The Board should expose simple diagnostics so operators know when compaction is needed:

  • Context breakdown: tokens used by each layer (system, tools, skills, history, files).
  • Per-file limits: indication when a workspace file was truncated.
  • Session gauge: current token usage vs. model limit.
  • Compaction hint: visual indicator when history exceeds 70% of available budget.

3. Compaction (Summarize Older History)

When the context window gets tight, the Board compacts older history into a summary and replaces the original turns.

Strategy

  1. Keep recent turns intact — the last N turns (typically 4-8) stay verbatim for continuity.
  2. Summarize older turns — replace everything before the keep-window with a structured summary.
  3. Persist the summary — store it in Board-managed session history so future requests include it.

Summary Format

## Session Summary (compacted)
- User asked to build a landing page with dark theme.
- Created `index.html` with Tailwind CSS setup.
- Added hero section and responsive navigation.
- User approved the design; requested footer changes.
- Footer updated with three-column layout.

Trigger Modes

ModeBehavior
AutomaticBoard compacts when history exceeds the compaction threshold (e.g., 70% of available budget)
ManualOperator explicitly requests compaction via Board UI or /compact command
Pre-flushMemory flush happens first (see Section 5), then compaction runs

4. Pruning (Tool-Result Hygiene)

Tool outputs are often the largest token contributor. The Board should aggressively manage them:

  • Truncate oversized outputs — cap tool results at a configurable max (e.g., 8K tokens). Include a [truncated, {N} tokens omitted] marker.
  • Drop stale tool results — historical tool outputs beyond the keep-window can be replaced with a one-line summary: [tool: read_file("src/app.ts") → 247 lines, TypeScript].
  • Preserve verification evidence — keep tool results that serve as proof of task completion (screenshots, test output, build logs).
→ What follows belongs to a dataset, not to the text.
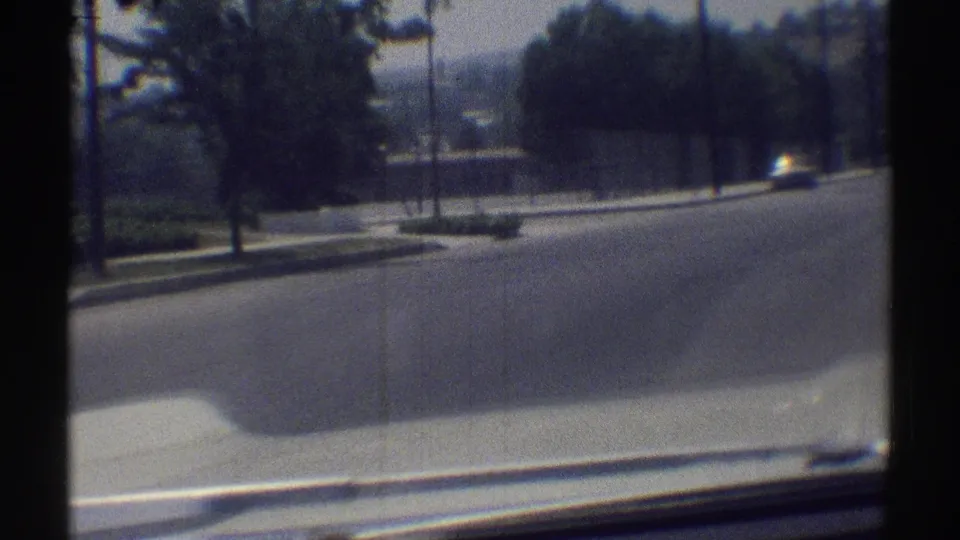 1969 Woodland Hills home-movie frame looking from a car window toward a quiet road, trees, curb, and fenced property beyond.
Example: Before and After Pruning

Before (12K tokens of tool results):

tool_result: read_file("src/components/App.tsx") → [full 500-line file contents]
tool_result: search_web("react hooks best practices") → [full search results]
tool_result: write_file("src/hooks/useAuth.ts") → [file written successfully]

After (200 tokens):

[tool: read_file("src/components/App.tsx") → 500 lines, React component]
[tool: search_web("react hooks best practices") → 8 results summarized]
tool_result: write_file("src/hooks/useAuth.ts") → [file written successfully]

5. Memory Flushes

Before compaction discards older history, a memory flush can capture durable insights into the memory system (see memory.md).

The flush extracts:

  • Decisions made — “User chose Tailwind over styled-components.”
  • Preferences discovered — “User prefers concise responses, no emojis.”
  • Key artifacts — “Landing page lives at src/routes/+page.svelte.”
  • Patterns observed — “This repo uses conventional commits.”

These notes are written to memory.md or the daily memory log and may be re-injected in future sessions without keeping the entire history.


6. Session Reset

If a session becomes too noisy or context-polluted:

  1. Start a new session ID — clean slate in the Board.
  2. Transfer summary — carry a short summary of the prior session’s outcome.
  3. Re-inject memory — load relevant memory entries from memory.md.
  4. Discard stale tool results — only bring forward conclusions, not raw outputs.

This keeps the daemon stateless while preserving continuity in the Board.


7. Handling Context Overflow

When context exceeds the model’s window despite compaction, the Board should follow the recovery path defined in error-handling.md:

  1. Emergency compaction — aggressively summarize all but the last 2 turns.
  2. Tool result purge — replace all historical tool results with one-line summaries.
  3. File content drop — remove injected workspace files (they can be re-read by tools).
  4. Session reset — as a last resort, start a fresh session with a transfer summary.

The daemon reports context overflow via task:error with error type context_overflow, giving the Board a chance to compact and retry.